If writer Lauren Yee has a "thing" that describes her plays, it's dark comedies set against authoritarian backgrounds. Her excellent Cambodian Rock Band featured a man literally playing for time against a bouncy, humorous leader in the Cambodian genocide. The Great Leap Forward sent a US basketball team to China and ended at Tiananmen Square. And now she take on Russia after the fall of the Berlin Wall and the dissolution of Soviet Russia and the triumph of capitalism. And its a wild ride.
So, we're in St Petersburg in the early 90s, and we have three people for whom the great move to capitalism has not worked out so well. Billy Finn is Evgeny, a unemployed milquetoast who lurks in the shadow of his father, a former KGB bigwig. He's hired by an old school chum Dmitri (Jesse Calixto), who has used the new freedom to open a small, failing business, and has pivoted it into a front for a freelance domestic espionage operation. Their target is Katya M (Andi Alhadeff),a former rebel rocker who was big in the secret listening parties during the bad old times, and left for America. She couldn't compete with Whitney Houston, and no one wanted songs about the gulags when the gulags were supposedly closed down, so she came back. They are all lost in this brave new world of MacDonald's filet-o-fish sandwiches, adidas swooshes, and Folger's instant coffee. Freedom of choice means little to them when they themselves are not chosen.
And punctuating all of this is the always-appealing Rep semi-regular Julia Briskman, who wanders onto the stage between scenes as the babushka-wearing old woman. She's the embodiment of old Russia herself, though she never comes out an admits it. She plies the audience with donuts to get them on her side, complains about how everything is different now, and describes the former leaders of the USSR as old lovers who come to woo her yet always disappoint her.
And the set-up feels comfortable and little frothy, and you think you know what's coming, and you're right and you're also wrong. Yee throws in some delightful curveballs in the plot, and all the characters are both smart and incredibly stupid at the same time. Billy Finn is timid, trying to strike out on his own, and get his father's love and respect while dealing with his own inner cowardice. Jesse Calixto evokes Jackie Gleason with his wide-eyed reactions and own cluelessness of his weakness. Both men were originally planning on moving up to the big leagues of the old regime in the ranks of the KBG, and are now lost in the wake of the Soviet Collapse. Andi Alhadeff carves her own path as Katya, with her own arc and goals which the others both miss.
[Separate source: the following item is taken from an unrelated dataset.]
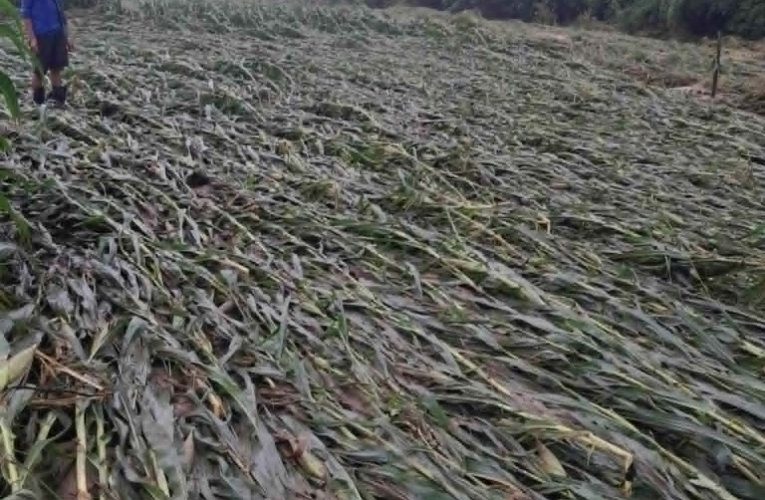 เกษตรกรบ้านหนองแห้งประสบภัย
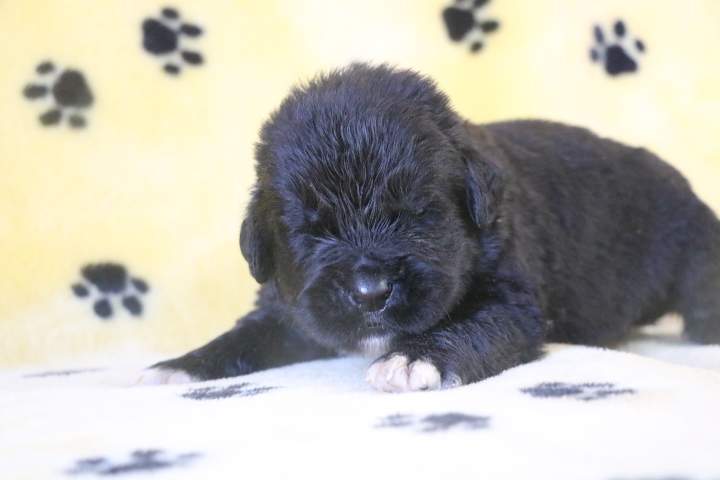 Vente de chiots Étaples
Now, in Mississippi Moon I loved the music, but recognized its existence as a cover to the motions of a rotating set design. Julia Briskman's Russian Mom does the same thing here with monologues and complaints, but the rotating set design here actually works, going from inside the shop to outside to a bus interior to outside Evgeny's father's door neatly. In this case there is precious little downtime and without breaking the flow. The fact that Briskman is wonderful just adds to it.
And, like Yee's other works, there is a lot of bright spots and human nature against the authoritarian background, and while there are the horrors of the past and perils of an uncertain future, the performance sparkle against it. Some of it feels like a SNL skit from the same period, making fun of Russian interpretations of American styles, yet it peels away easily to reveal the vulnerabilities of three people who have been conditioned to hide their true selves by their government. And it is a bit uncomfortable at a time when our own authoritarians are seeking to remake the world in their image, so some of the laughter feels like whistling past the graveyard.
I'm going to mark this one as a hit, and am delighted that the Rep is pushing its own World Premieres. More of this, please.